Also wenn eine Fischzucht fragst und er hat die da, dann kriegst Denk ich schon welche. Kommt Natürlich auf die Zucht an. Am besten was in die Kaffeekasse und gut is.


----------



## Gunnar. (16. November 2011)

*AW: Aquarium mit EINHEIMISCHEN Fischen*

Nabend,

Wenn der Fischzüchter ihm nach dem Hintergrund fragt und dieser wahrheitsgemäß vermittelt wird , sollte ihn der Züchter eigentlich vom Hof jagen.


----------



## BraisedBeef107 (6. Januar 2012)

*AW: Aquarium mit EINHEIMISCHEN Fischen*

hi 

ich hab ein neues aquarium geschenkt bekommen und wollt mal fragen was ich da beachten muss, wenn ich einheimische fische einsetzen will. das becken hat ca. 120 liter. 

viele grüße 
braisedbeef


----------



## Endmin (6. Januar 2012)

*AW: Aquarium mit EINHEIMISCHEN Fischen*

Ich persönlich würde behaupten, dass 120 liter zu wenig sind, um die Fische vernünftig halten zu können. Einheimische Fische, brauchen aufjedenfall mehr Platz als Aquarienfische.
Hab das selber mal gesehen, wenn die wenig Platz haben, sind halbe durchgedreht und immer an den Scheiben hoch und runter geschwommen usw.

gruß Tim


----------



## Kretzer83 (7. Januar 2012)

*AW: Aquarium mit EINHEIMISCHEN Fischen*



Endmin schrieb:


> Ich persönlich würde behaupten, dass 120 liter zu wenig sind, um die Fische vernünftig halten zu können. Einheimische Fische, brauchen aufjedenfall mehr Platz als Aquarienfische.
> Hab das selber mal gesehen, wenn die wenig Platz haben, sind halbe durchgedreht und immer an den Scheiben hoch und runter geschwommen usw.
> 
> gruß Tim



Das sehe ich nicht so. Es gibt genügend einheimisch Fische, die sich dazu eignen. 

Ich habe ein 140 Liter AQ, und mache das nun schon mehrer Jahre.

Und Durchdrehen tun die nicht.
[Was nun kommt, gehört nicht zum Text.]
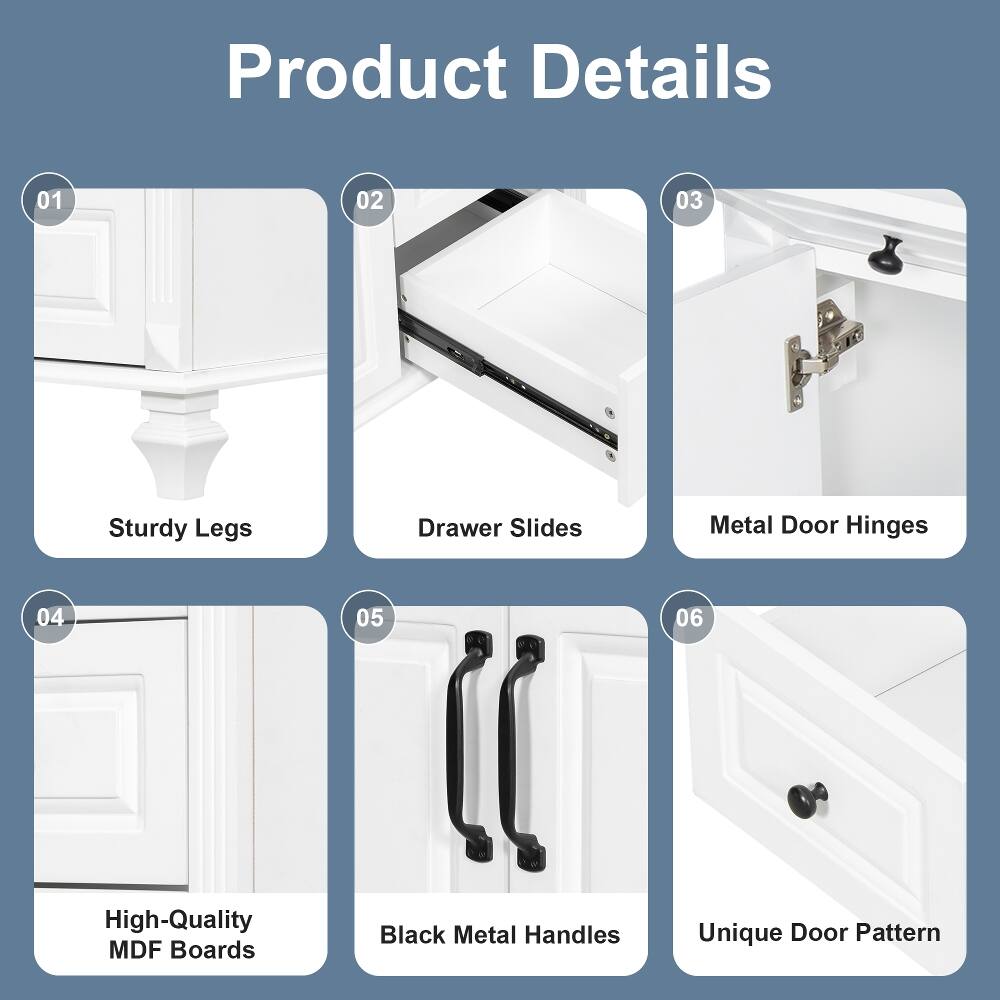 Product Details
01
Sturdy Legs
02
Drawer Slides
03
Metal Door Hinges
04
High-Quality MDF Boards
05
Black Metal Handles
06
Unique Door Pattern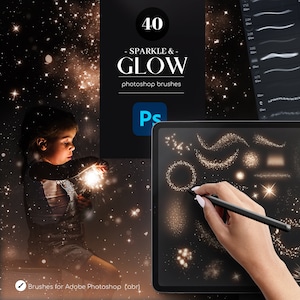 40 Sparkle and Glow Photoshop Brushes .ABR, Magic Brushes Addon, Glow Effect Brushes for Photoshop, Commercial Use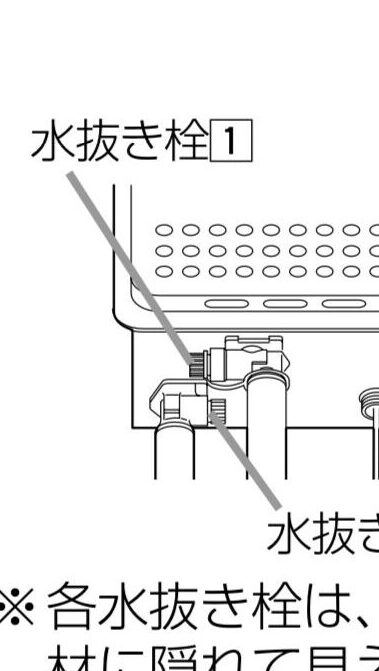 ガス給湯器の説明PDFより、水抜きについて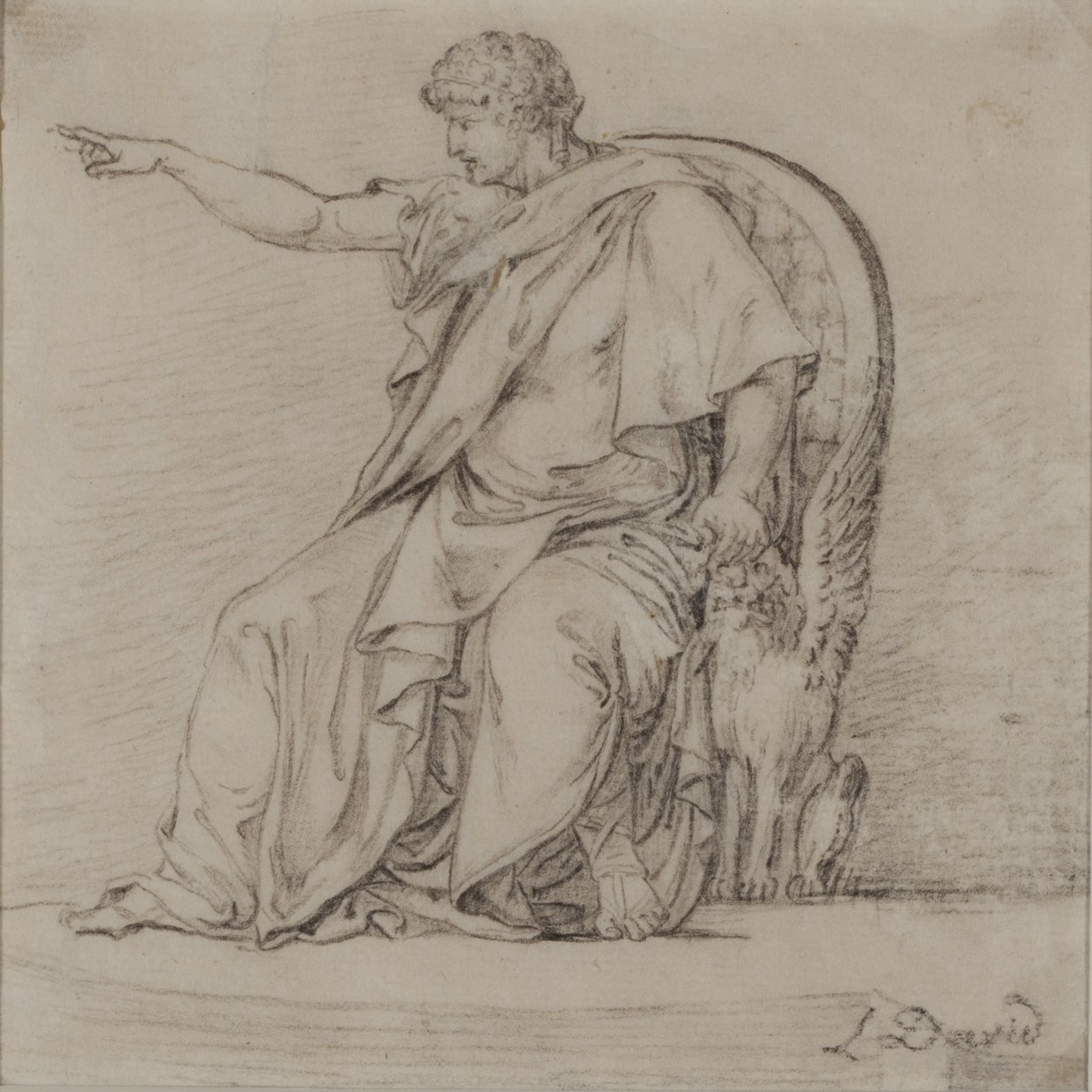 Draped figuuri, 1700-luvun loppu (kynä paperille) tekijältä Jacques Louis David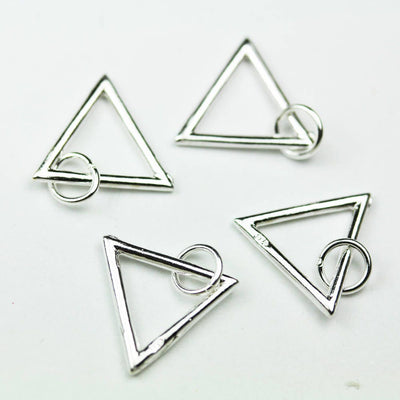 Charm 4pcs Triangle Necklace Pendant / 925 Sterling Silver Jewellery findings Charm Beads / Triangle pendant / charm / beads / 14mm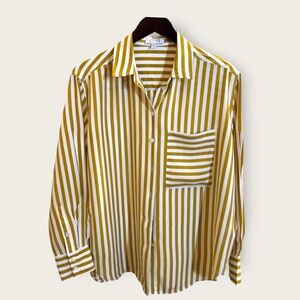 AYR “The Deep End” Yellow & White Stripe Button-Down Shirt |
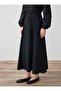 High Waist Side Zipper Detail Skirt - Black - - 5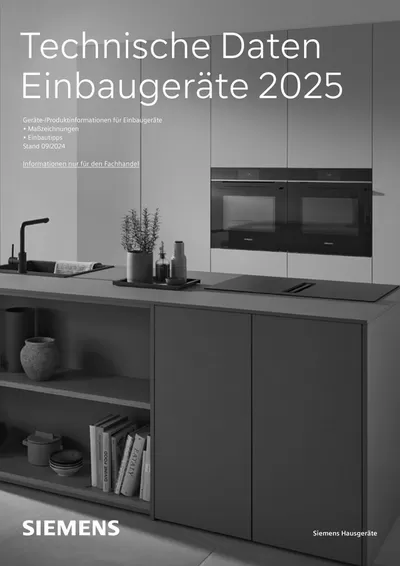 Angebote von Elektromärkte in Heidelberg | Technische Daten Einbaugeräte 2025 in SIEMENS | 29.10.2024 - 31.12.2025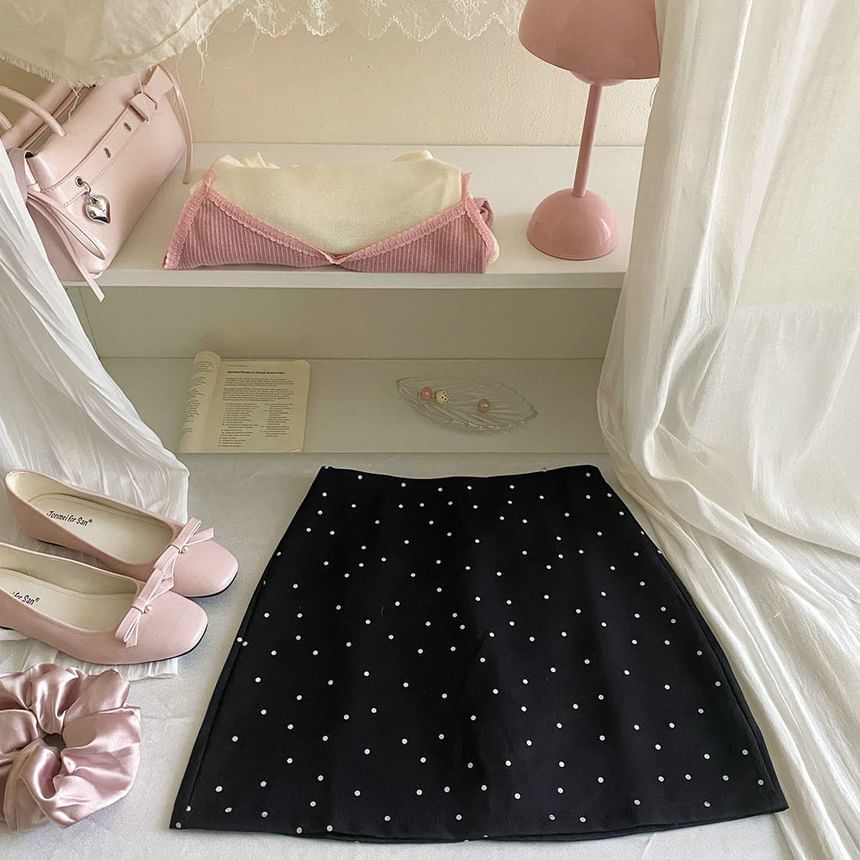 Polka Dot Mini A-Line Skirt - Altfashion Shop
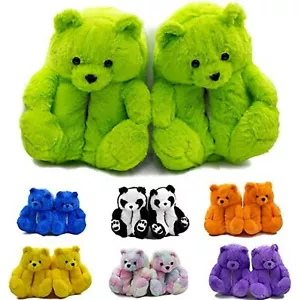 Teddy Bears Slippers Women Fluffy Shoe Cute House Animal Slippers Fuzzy Green - Picture 1 of 6
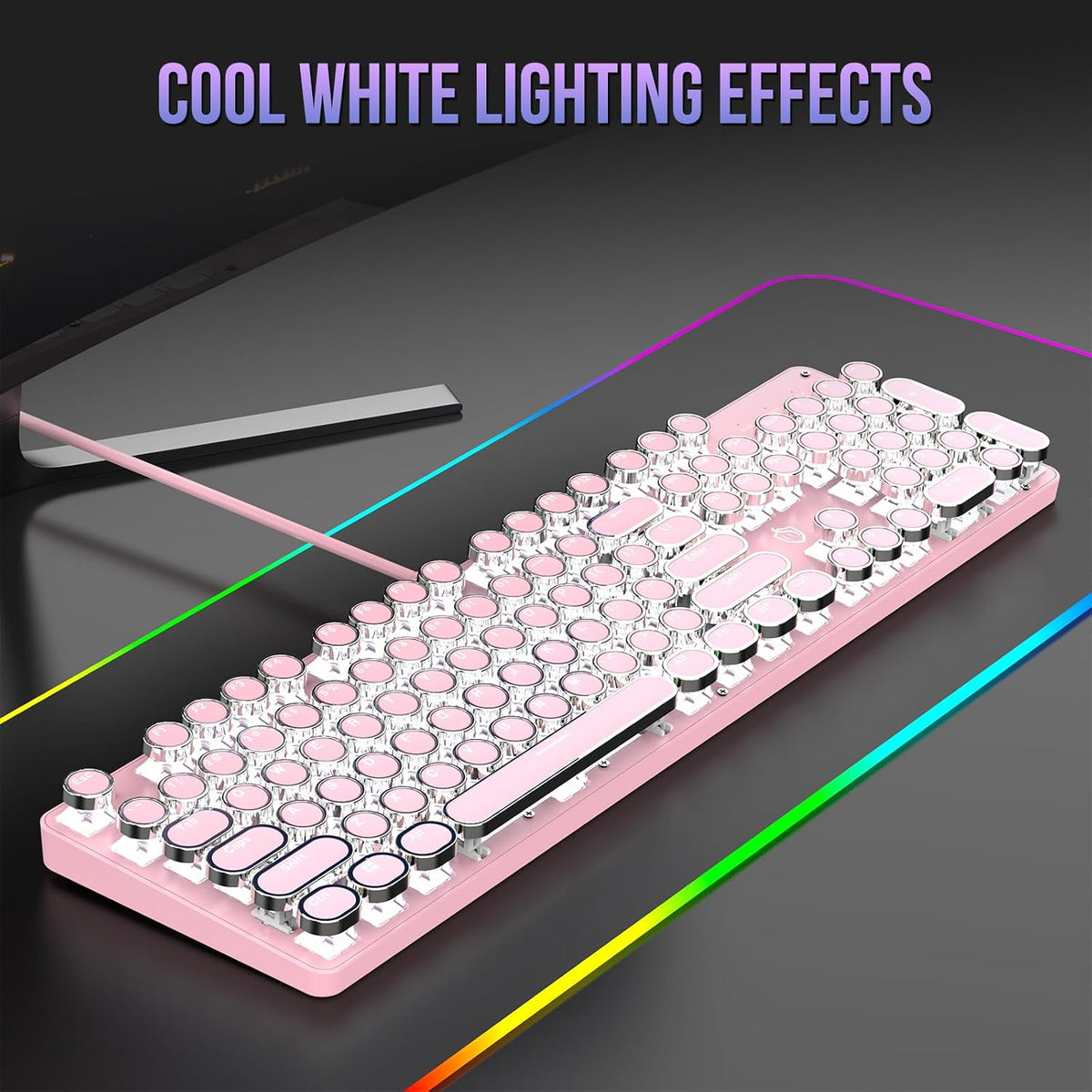 Typewriter Mechanical Gaming Keyboard with RGB Backlit Red Switches, 104 Keys Retro Round Keycap, Wired Typewriter Style Comfortable Typing Soud (Pink)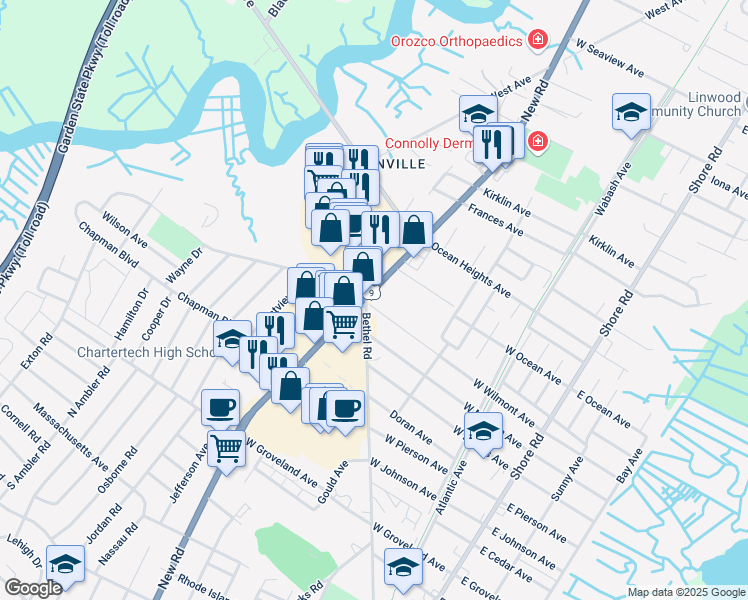 map of restaurants, bars, coffee shops, grocery stores, and more near 100 New Road in Somers Point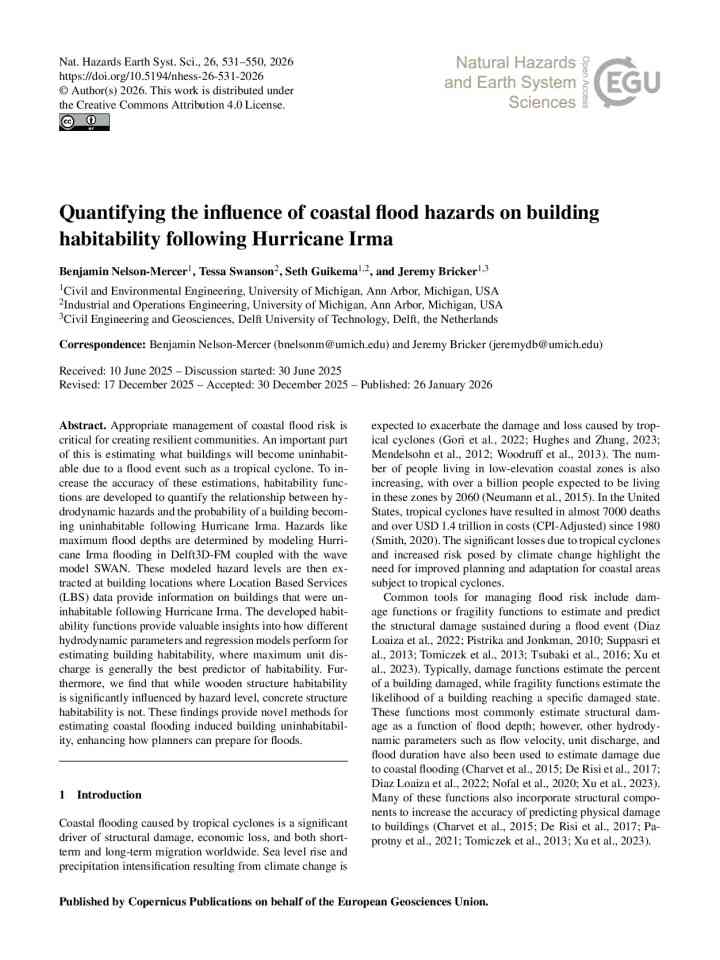 Quantifying the influence of coastal flood hazards on building habitability following Hurricane Irma thumbnail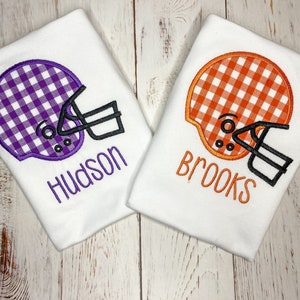 MORE COLORS, Football Helmet Gameday Embroidered Tshirt for Babies and Toddlers, College Football Shirts Top for Boys and Girls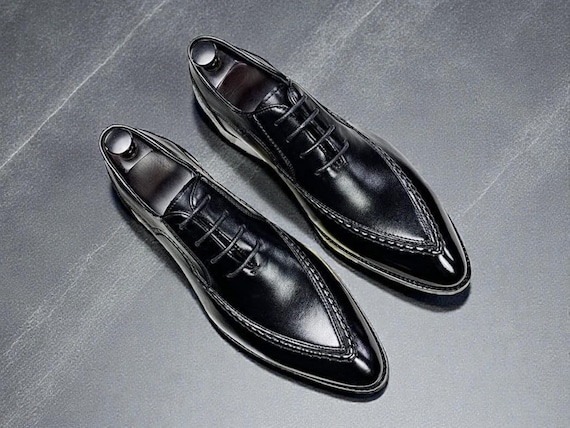NewBally Designs For Men's Handmade Black Leather Lace up Oxford Formal Shoes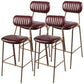 Industrial Leather Distressed Quilted Barstool Indoor Tall Stool with Rectangle Seat Red Set of 4 Bar Stool(30"H) Clearhalo 'Bar Furniture' 'Bar Stools' 'bar_stools' 'furniture_bar_stools' 'Kitchen & Dining Furniture' 'kitchen&dining_furn' 'kitchen' 'kitchen_furn' Furniture' 4182762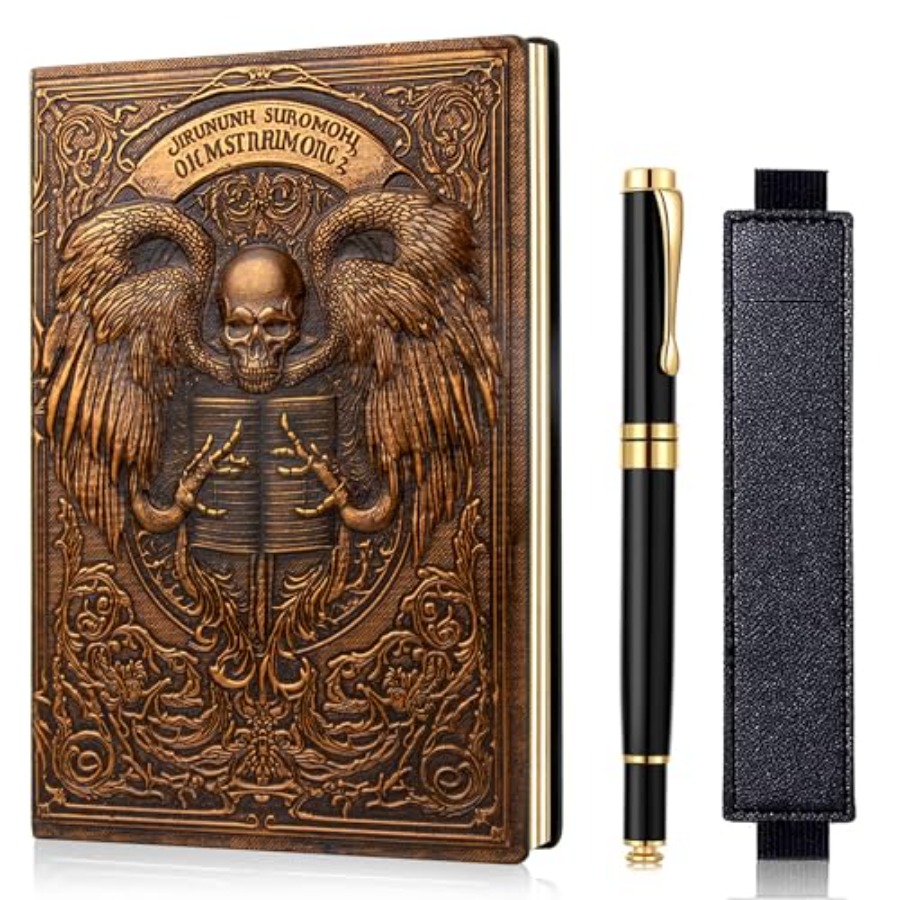 Vintage Skull Embossed Leather - Journal Leather Hardcover のレビューと価格
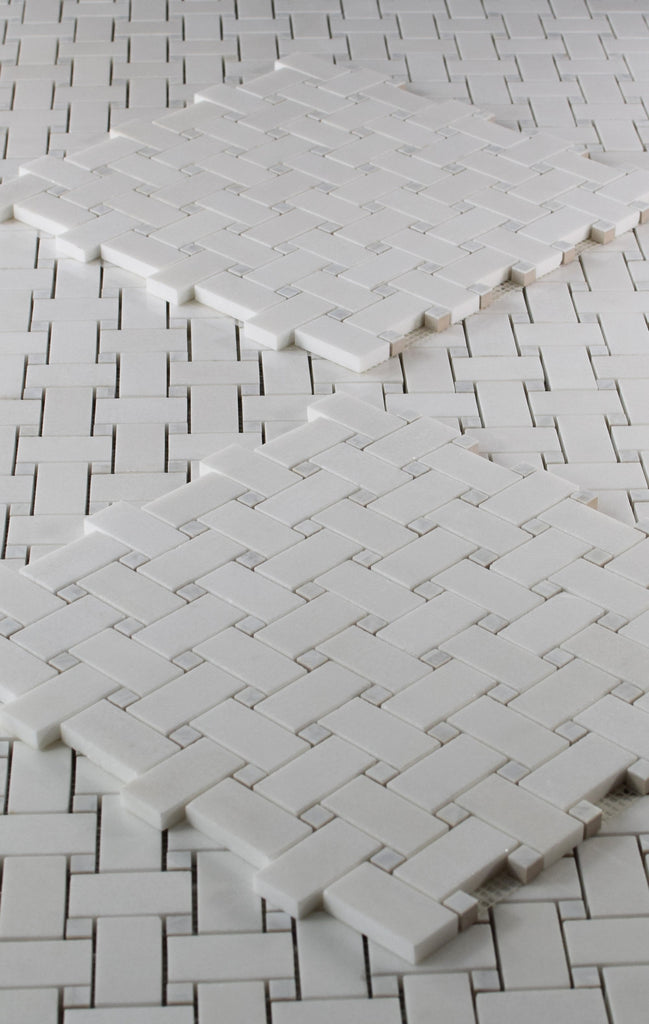 Pearl Weave - Basketweave Mosaic Tile in White Thassos Marble and Mother Of Pearl | TileBuys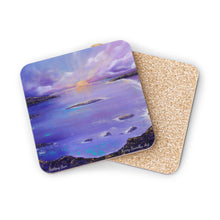 Load image into Gallery viewer, Corkwood underside, glossy finish on top. 1 or 4 pc sets. 9.5 x 9.5cm. Coastal sunset of beautiful purple hues and sunrays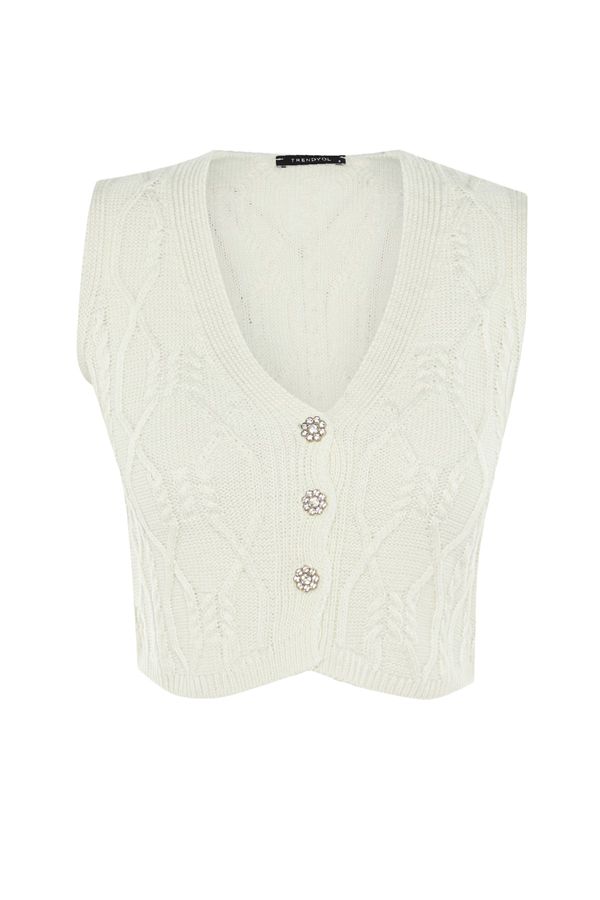 Trendyol Trendyol Limited Edition Ecru Jewel Button Detailed Knitwear Sweater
Jedenfalls nicht mehr als sonstige in Gefangenschaft lebende Tiere.


----------



## BraisedBeef107 (7. Januar 2012)

*AW: Aquarium mit EINHEIMISCHEN Fischen*

danke für die schnellen antworten.  ich probiers mal mit ein paar kleinen rotaugen/rotfedern. sollte ich aber merken, dass es ihnen schlecht geht werde ich sie natürlich freilassen.

viele grüße 
braisedbeef


----------



## Lenoc (27. Januar 2012)

*AW: Aquarium mit EINHEIMISCHEN Fischen*

Nim lieber Moderlieschen oder Bitterlinge kleine Rotaugen gehen aber auch ^^ hab  zurzeit Goldfische, Karauschen und ne kleine Rotfeder drinne es kommen bald noch Moderlisle, Bitterlinge und Gründlinge hinzu |rolleyes

keine angst hab 500L ^^ 

Achso und nen kleinen Krebs Namens Günter:vik: hab ich auch noch drinne hab ihm mal das Leben gerettet und nu lebt er bei mir ^^


----------



## Lukasbrings (20. Oktober 2012)

*AW: Aquarium mit EINHEIMISCHEN Fischen*

Hallöchen,

ich hab auch seit etwa einem Monat ein Kaltwasserbecken am laufen.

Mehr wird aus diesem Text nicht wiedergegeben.